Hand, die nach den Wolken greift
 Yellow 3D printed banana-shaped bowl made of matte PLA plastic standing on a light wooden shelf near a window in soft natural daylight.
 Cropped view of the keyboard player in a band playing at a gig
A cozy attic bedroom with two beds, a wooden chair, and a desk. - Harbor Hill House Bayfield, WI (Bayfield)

_ _ _

**Work to complete**. Repeat the data in its entirety, exactly as written.

**Your solution**.
Hand, die nach den Wolken greift
 Yellow 3D printed banana-shaped bowl made of matte PLA plastic standing on a light wooden shelf near a window in soft natural daylight.
 Cropped view of the keyboard player in a band playing at a gig
A cozy attic bedroom with two beds, a wooden chair, and a desk. - Harbor Hill House Bayfield, WI (Bayfield)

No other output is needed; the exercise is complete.